Prompt: Set down only the lines from the one containing "Calendars thin line" through the final line of the entries below, exactly as they stand, with no pictures.

Input material:
□ □ □

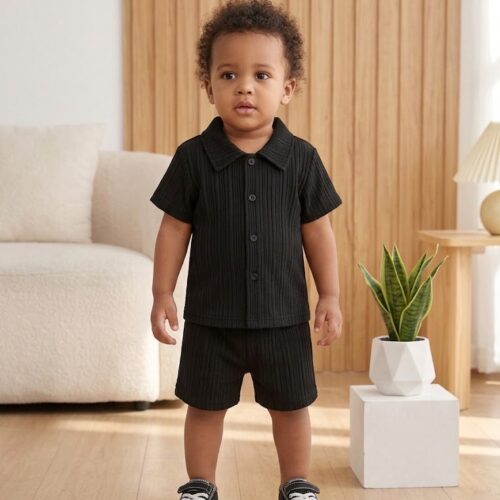 Toddler Textured Ribbed Short-Sleeve & Shorts Set
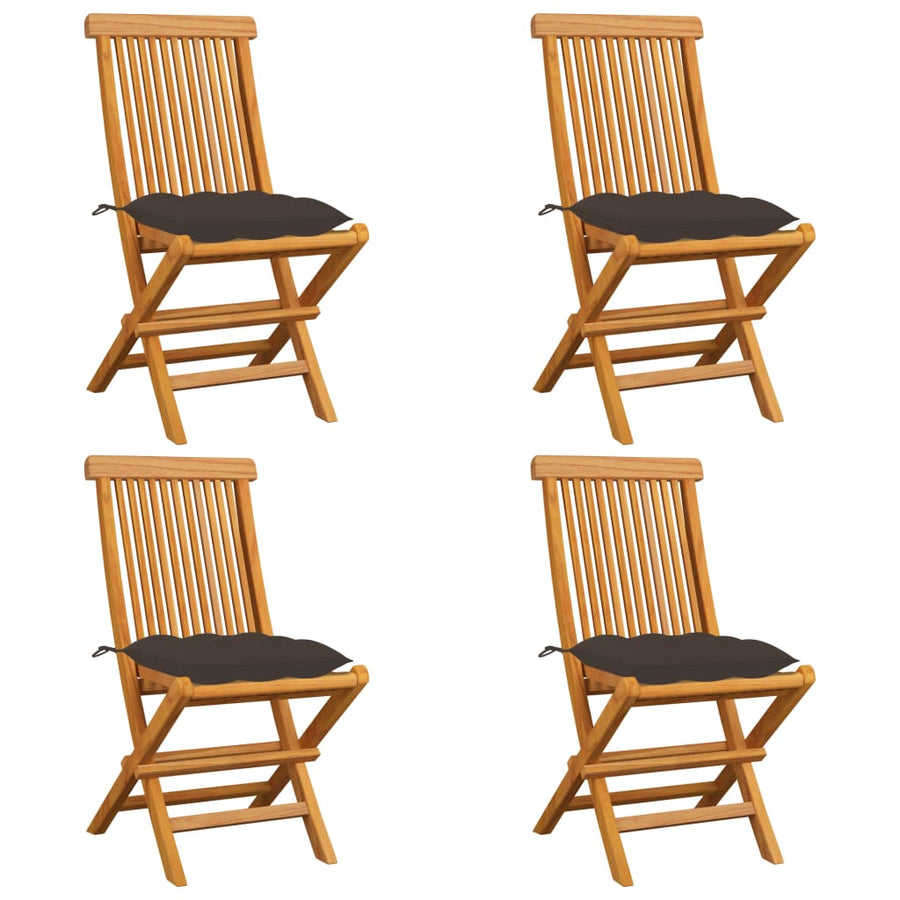 Tuinstoelen Met Kussens Massief Teakhout 4 Taupe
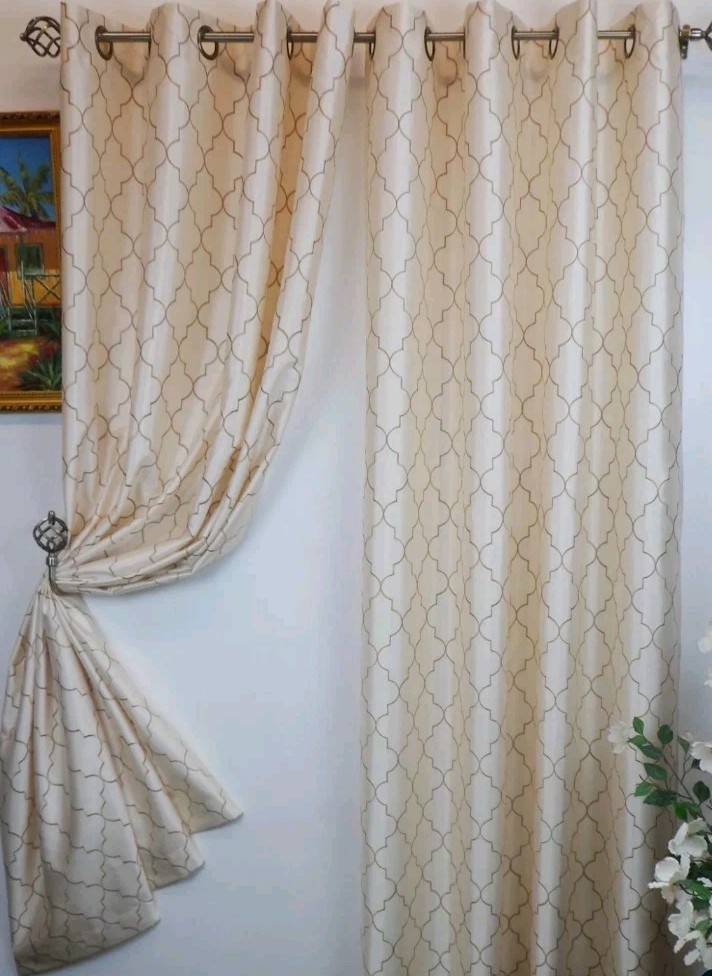 Luxury Embroidered Faux Silk Curtain Panel With Metal Grommet 55″ X 84″ Hudson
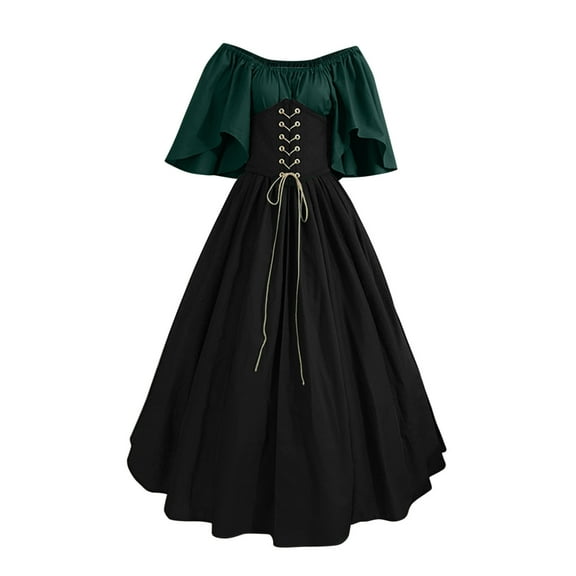 Ashirexll Renaissance Costume Women, 1800s Dress for Women Round Neck Dress Flare Sleeve Off Shoulder Medieval Vintage Dresses with Corset Patchwork Ball Gown Green S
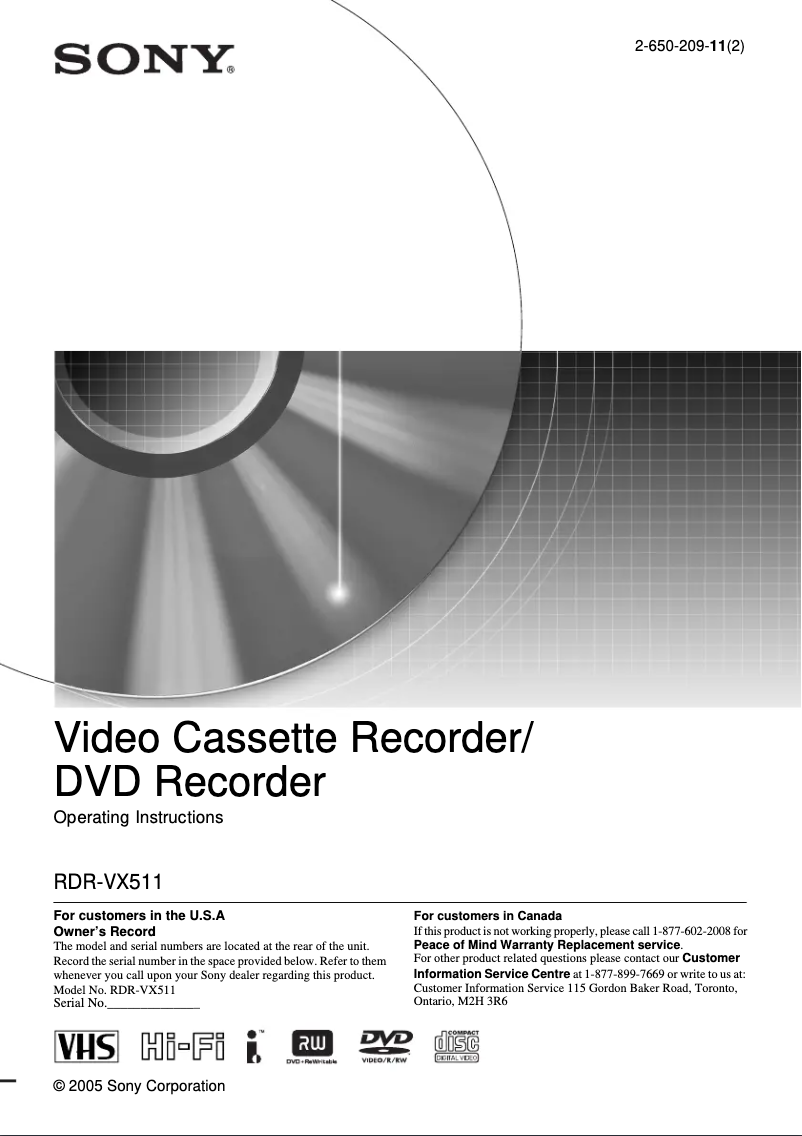 Page 1 de la notice Manuel utilisateur Sony RDR-VX511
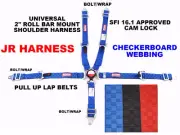 JR HARNESS 2" SFI 16.1 PULL UP LAP BELT CAM LOCK BLUE CHECKERBOARD FINISH LINE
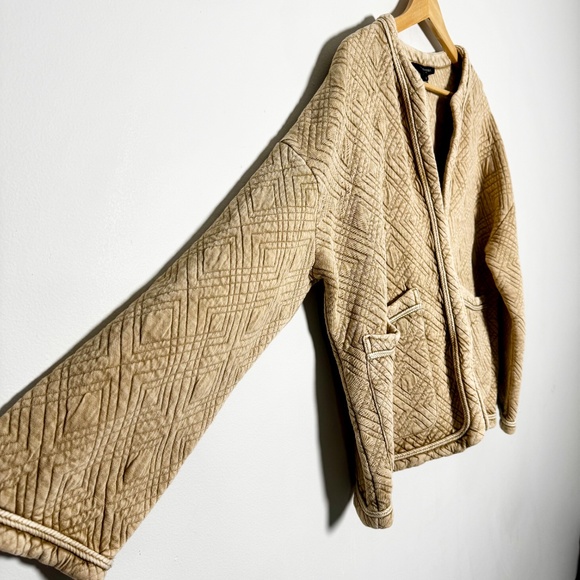Banana Republic Quilted Cardigan New British Khaki Sz Small - Picture 5 of 12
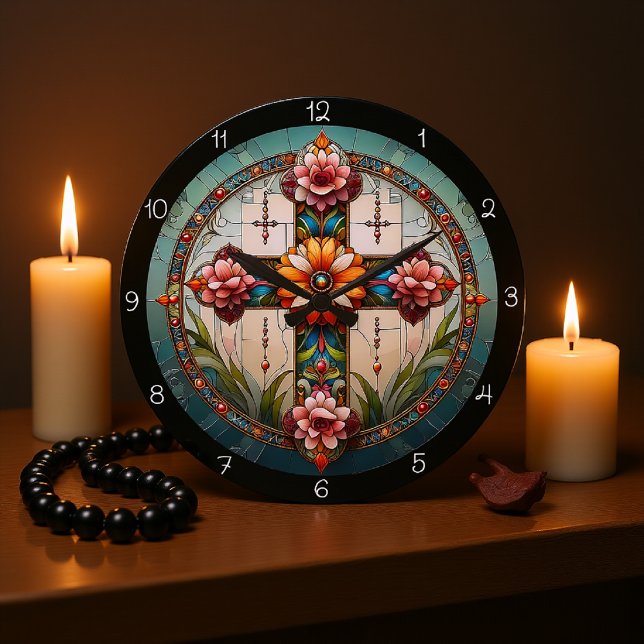 Grande Horloge Ronde Croix florale en verre tendu (Créateur téléchargé)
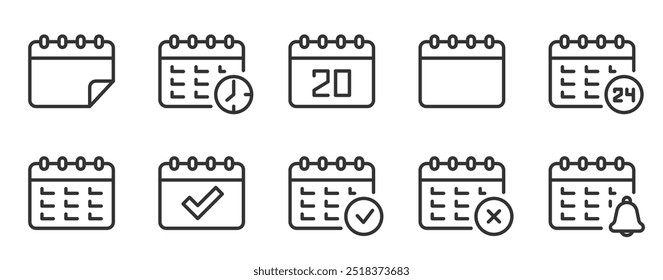 Calendars thin line icon set. Containing date, schedule, month, week, appointment, agenda, organization and event icons. Editable stroke. Calendar outline symbol collection. Vector illustration
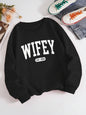 Wifey Letter Print Women’s Pullover Sweatshirt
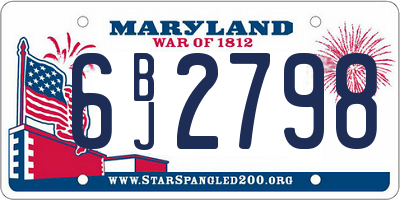 MD license plate 6BJ2798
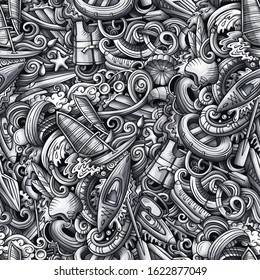 Cartoon cute doodles hand drawn water extreme sports seamless pattern. Monochrome detailed, with lots of objects active lifestyle background. Endless funny vector illustration. All objects separate.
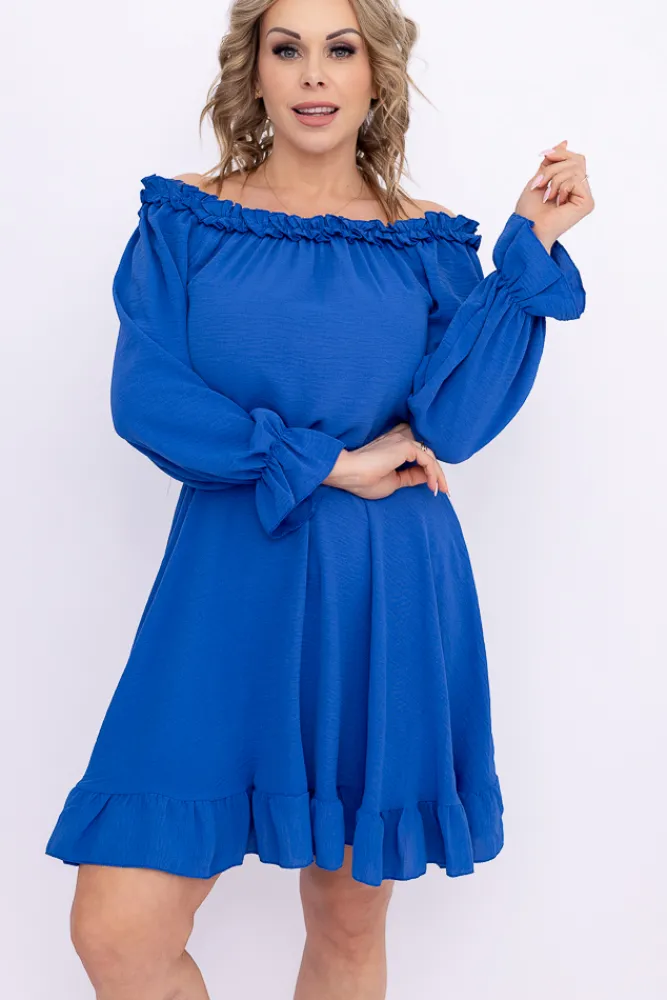 Włoski Chabrowa Sukienka z falbanką SEVELIEN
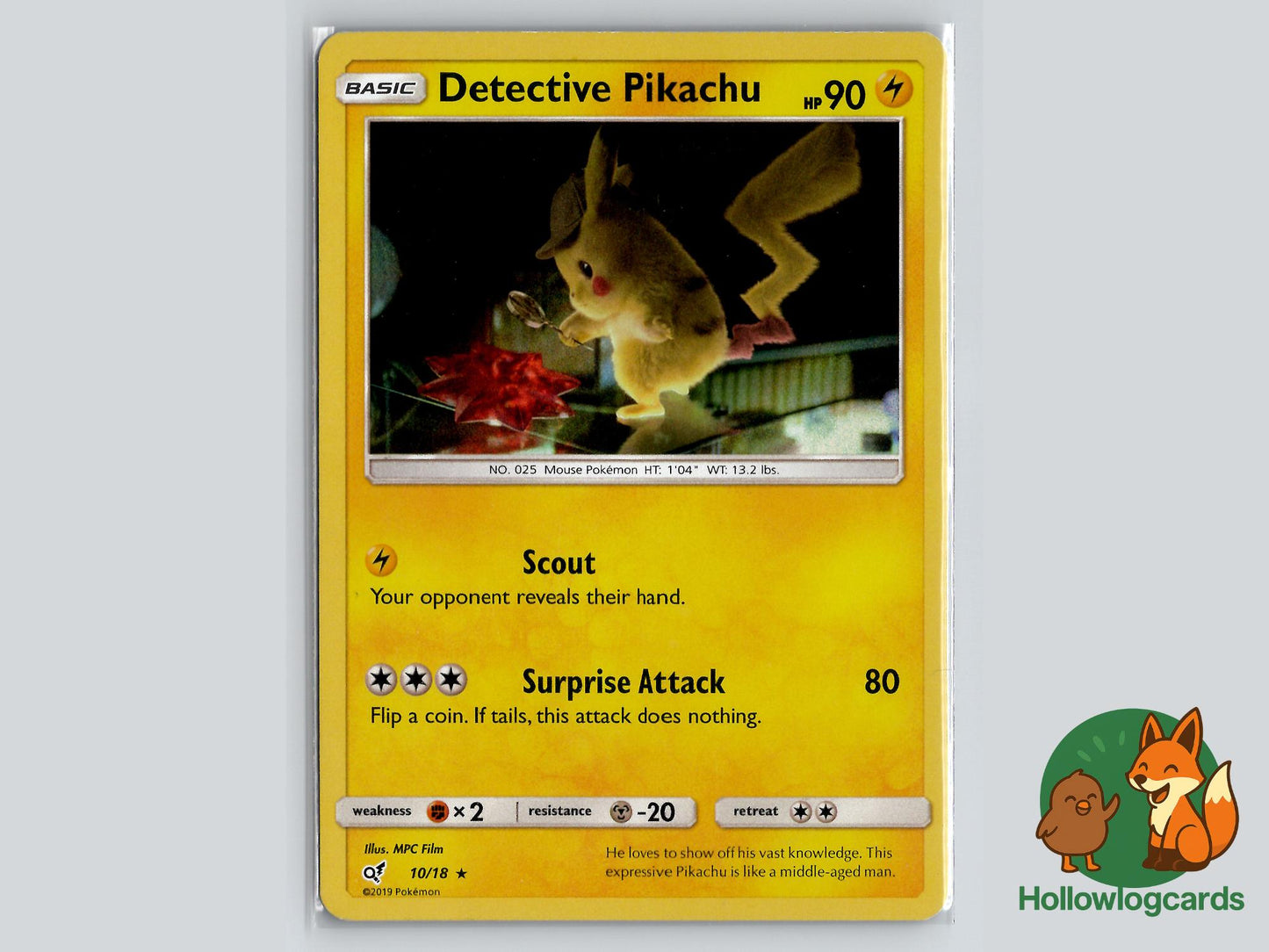 Detective Pikachu (10/18) - Detective Pikachu Pokémon Card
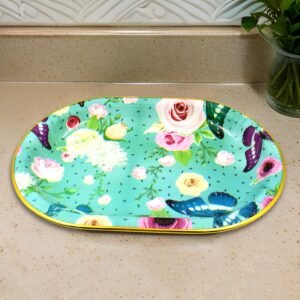 Plastic Serving Tray – Flower Print Design, 35x24cm | Serve Stellar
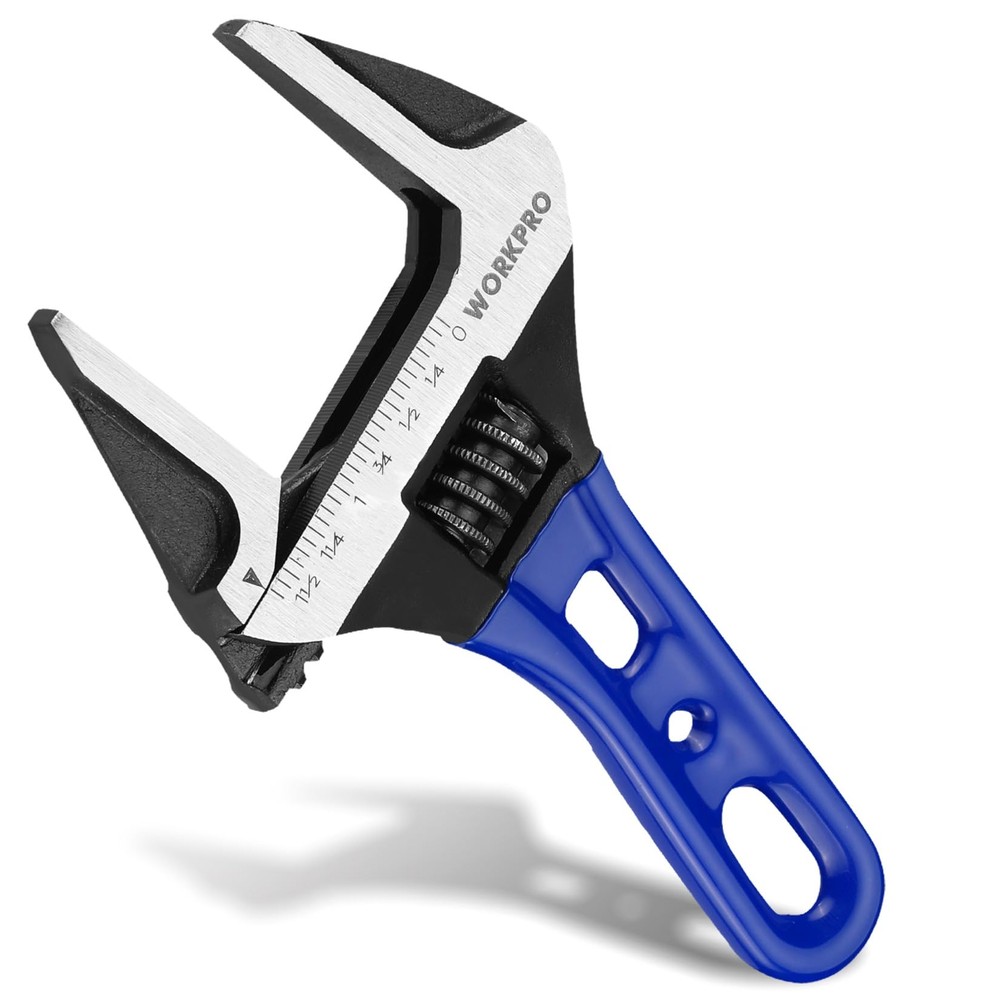 WORKPRO 4-inch Stubby Adjustable Wrench Metric/SAE Extra Wide Jaw Opening Wrench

□ □ □

Solution:
 Calendars thin line icon set. Containing date, schedule, month, week, appointment, agenda, organization and event icons. Editable stroke. Calendar outline symbol collection. Vector illustration
 Wifey Letter Print Women’s Pullover Sweatshirt
 MD license plate 6BJ2798
 Cartoon cute doodles hand drawn water extreme sports seamless pattern. Monochrome detailed, with lots of objects active lifestyle background. Endless funny vector illustration. All objects separate.
 Włoski Chabrowa Sukienka z falbanką SEVELIEN
 Detective Pikachu (10/18) - Detective Pikachu Pokémon Card
 Plastic Serving Tray – Flower Print Design, 35x24cm | Serve Stellar
 WORKPRO 4-inch Stubby Adjustable Wrench Metric/SAE Extra Wide Jaw Opening Wrench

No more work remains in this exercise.